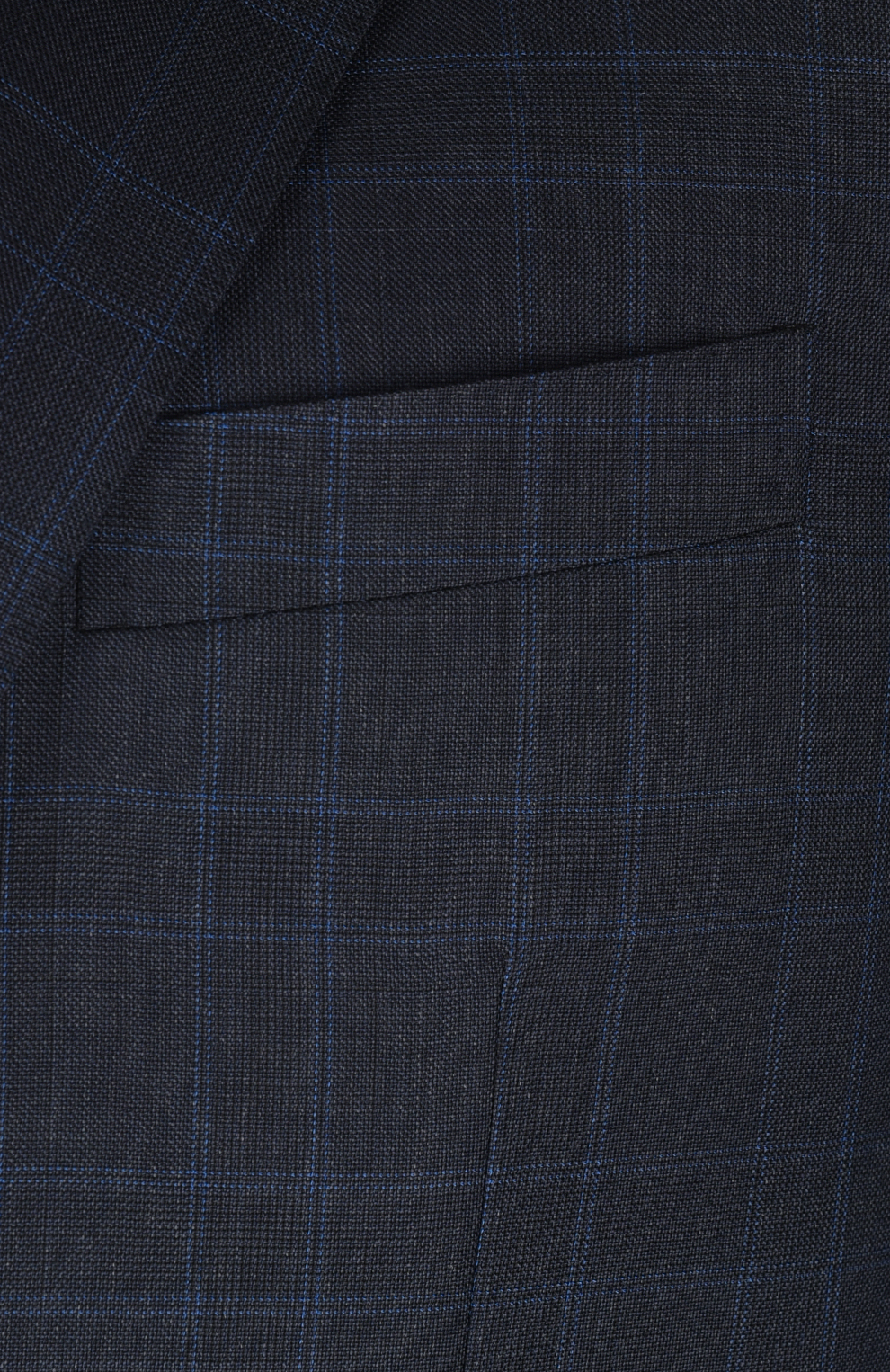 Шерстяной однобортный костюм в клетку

==

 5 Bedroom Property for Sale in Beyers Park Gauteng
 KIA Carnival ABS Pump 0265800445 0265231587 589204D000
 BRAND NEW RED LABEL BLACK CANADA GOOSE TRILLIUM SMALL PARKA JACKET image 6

* * *

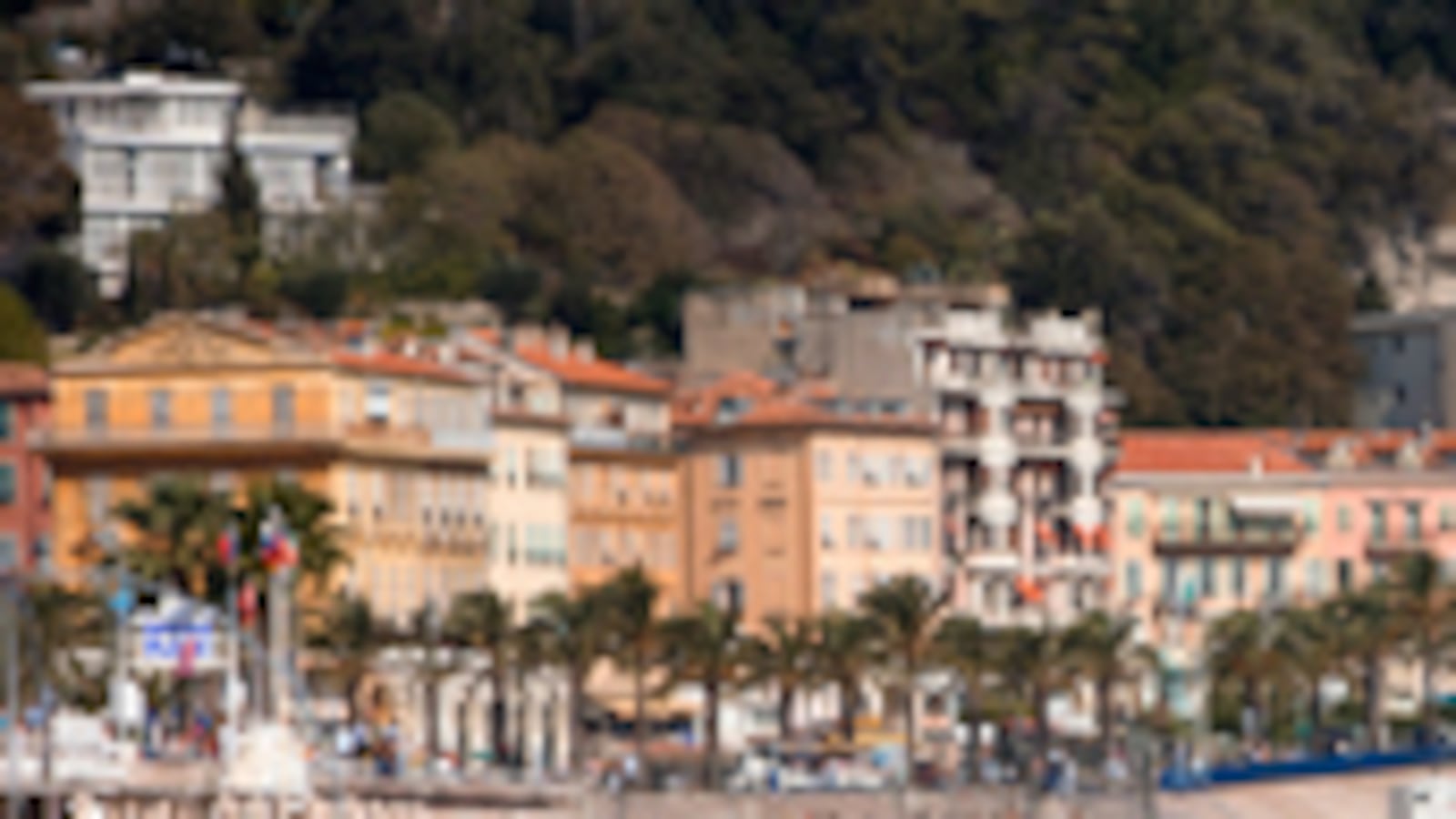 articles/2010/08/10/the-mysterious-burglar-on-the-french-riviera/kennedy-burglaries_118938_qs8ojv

### Exercise details
In the material above, find the line containing "5 Bedroom Property" and the line containing "BRAND NEW RED", then write out exactly those two lines and every line between them, and nothing more.

### Output
 5 Bedroom Property for Sale in Beyers Park Gauteng
 KIA Carnival ABS Pump 0265800445 0265231587 589204D000
 BRAND NEW RED LABEL BLACK CANADA GOOSE TRILLIUM SMALL PARKA JACKET image 6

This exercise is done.